Budidaya lebah di Badui perkuat ekonomi lokal
Santa (55) seorang pedagang madu hutan warga Badui Luar berkeliling dari satu daerah ke daerah lain di wilayah Tangerang dengan berjalan kaki menjajagi madu dengan harga Rp150 ribu per botol.
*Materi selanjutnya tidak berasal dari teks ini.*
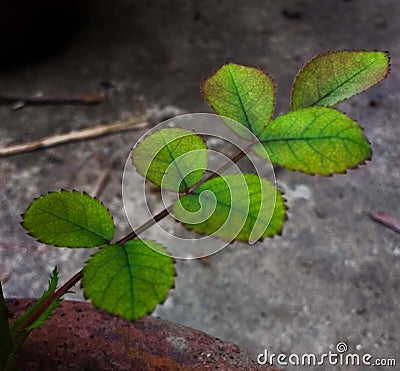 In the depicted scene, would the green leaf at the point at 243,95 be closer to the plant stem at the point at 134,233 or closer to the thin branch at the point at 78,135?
the plant stem at the point at 134,233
ANTARA/Mansyur
Budidaya lebah di kawasan hutan Badui pedalaman Kabupaten Lebak, Provinsi Banten menghasilkan produksi madu sebagai sumber pendapatan ekonomi masyarakat adat setempat.
"Pengembangan budidaya lebah madu di Badui itu sudah berlangsung lama sebagai sumber penghasilan ekonomi," kata Sekretaris Desa Kanekes Kabupaten Lebak Medi di Lebak, Senin.
Produksi madu lebah dari Badui tersebut dipasarkan ke sejumlah daerah di wilayah Banten, Jakarta dan Jawa Barat.
Mereka ratusan warga Badui Luar berjualan keliling diperbolehkan naik angkutan kendaraan, namun sebaliknya bagi Badui Dalam kemanapun berjalan kaki.
Repan (16) salah satu korban kejahatan pembegalan di kawasan Rawasari Cempaka Putih Jakarta Pusat merupakan warga Badui Dalam dan korban menempuh perjalanan dari pedalaman perkampungan Badui ke Jakarta berjalan kaki dengan waktu selama tiga hari.
Produksi budidaya madu lebah itu diambil cairan berwarna coklat dan dimasukkan ke dalam botol serta harga madu untuk satuan dijual Rp150 ribu per botol.
Selama ini, kata dia, produksi madu lebah masih menjadi andalan ekonomi masyarakat Badui.
"Para pedagang madu itu masyarakat Badui setiap hari menjual ke luar daerah," katanya.
Sarmin (40) dan Santa (55) warga Badui Luar mengatakan, dirinya hari ini memasarkan madu hutan ke Balaraja, Tangerang, karena banyak pelangganya para pedagang jamu juga masyarakat.
Mereka memasarkan madu hutan masing-masing membawa sebanyak 30 botol dan jika habis bisa menghasilkan Rp4,5 juta.
Dari pendapatan sebesar Rp4,5 juta bisa meraup keuntungan bersih Rp1,5 juta setelah dipotong modal Rp3 juta.
"Kami merasa terbantu ekonomi keluarga dari hasil berdagang madu itu," katanya.
Menurut dia, selama memasarkan madu hutan banyak pelanggan, karena madu yang dijual dirasakan bisa menyembuhkan berbagai penyakit di antaranya asam urat, kolesterol, rematik, kurang darah, dan batu ginjal.
Pelanggannya berasal dari berbagai kalangan mulai dari masyarakat umum, sopir , pejabat, pedagang jamu hingga pengusaha.
"Kami setiap tiga hari ke Balaraja berjualan madu hutan belum pernah tidak habis sebanyak 30 botol," katanya.
Pedagang madu lainnya, Sarmudin (50), warga Badui mengaku dirinya sudah empat tahun berjualan madu ke Jakarta dengan menggunakan angkutan commuter line.
Selama ini, permintaan madu hutan cukup tinggi, bahkan bisa menjual sebanyak 30 botol per pekan.
"Kami berjualan keliling di Jakarta dengan jalan kaki bisa menghasilkan pendapatan Rp4,5 juta per pekan dengan harga Rp150 ribu per botol," katanya pula.
Ia mengatakan, saat ini produksi madu hutan tidak menentu, karena produksinya hanya bergantung pada lebah odeng yang berkembang biak di pohon-pohon besar di Gunung Kendeng, kawasan tanah hak ulayat Badui.
Produksi madu dilakukan dengan cara tradisional dan madu diambil dari sarang untuk dikeluarkan madunya.
"Kami dalam satu sarang odeng itu bisa mendapatkan tiga sampai empat botol madu," katanya.
Pelaksana tugas (Plt) Kepala Dinas Koperasi dan UKM Kabupaten Lebak Imam Suangsa mengatakan, pihaknya mendorong usaha budidaya lebah yang dikembangkan masyarakat Badui dengan produksi madu hutan dapat mendongkrak pendapatan ekonomi keluarga.
Pemerintah daerah mengapresiasi jiwa kewirausahaan para pedagang madu yang dilakukan masyarakat Badui berjalan kaki hingga puluhan kilometer.
"Kami berharap usaha kerajinan madu hutan bisa menjadi andalan ekonomi masyarakat Badui," katanya lagi.